(Brief descriptive captions)
-- Opening Marker --

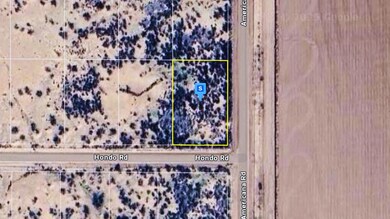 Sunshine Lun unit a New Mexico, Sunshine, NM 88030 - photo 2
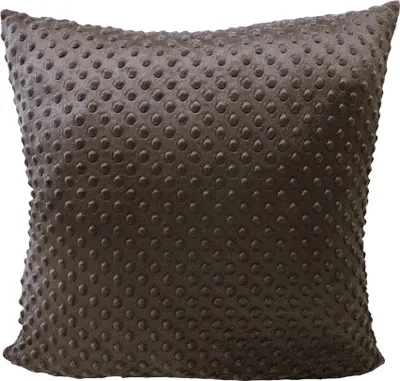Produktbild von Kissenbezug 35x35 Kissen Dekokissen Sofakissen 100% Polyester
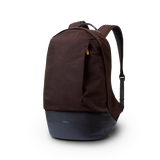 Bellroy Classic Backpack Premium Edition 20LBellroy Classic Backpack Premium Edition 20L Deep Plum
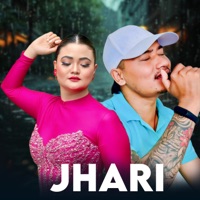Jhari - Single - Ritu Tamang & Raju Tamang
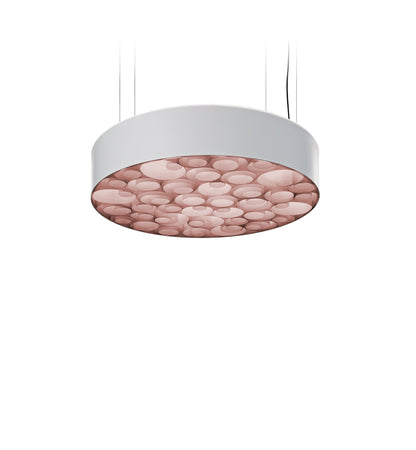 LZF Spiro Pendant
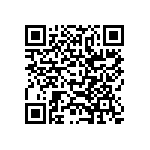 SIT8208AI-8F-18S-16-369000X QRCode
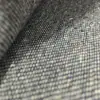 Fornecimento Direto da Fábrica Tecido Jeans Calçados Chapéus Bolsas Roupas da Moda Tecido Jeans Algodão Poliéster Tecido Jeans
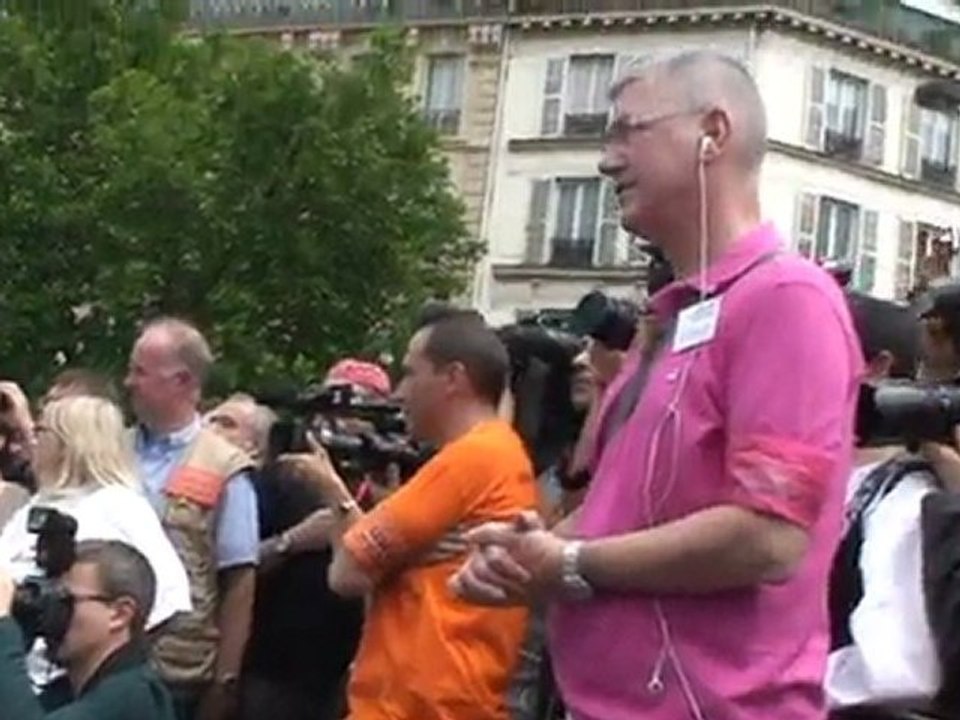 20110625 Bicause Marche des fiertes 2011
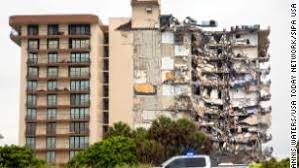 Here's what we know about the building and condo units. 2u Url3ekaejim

-- Closing Marker --

Copy exactly what appears in the entries, beginning with the first line and ending with the line that has "20110625 Bicause Marche des fiertes 2011", but not the pictures.

* _COMPLETED TASK_
 Sunshine Lun unit a New Mexico, Sunshine, NM 88030 - photo 2
Produktbild von Kissenbezug 35x35 Kissen Dekokissen Sofakissen 100% Polyester
 Bellroy Classic Backpack Premium Edition 20LBellroy Classic Backpack Premium Edition 20L Deep Plum
Jhari - Single - Ritu Tamang & Raju Tamang
 LZF Spiro Pendant
 SIT8208AI-8F-18S-16-369000X QRCode
 Fornecimento Direto da Fábrica Tecido Jeans Calçados Chapéus Bolsas Roupas da Moda Tecido Jeans Algodão Poliéster Tecido Jeans
 20110625 Bicause Marche des fiertes 2011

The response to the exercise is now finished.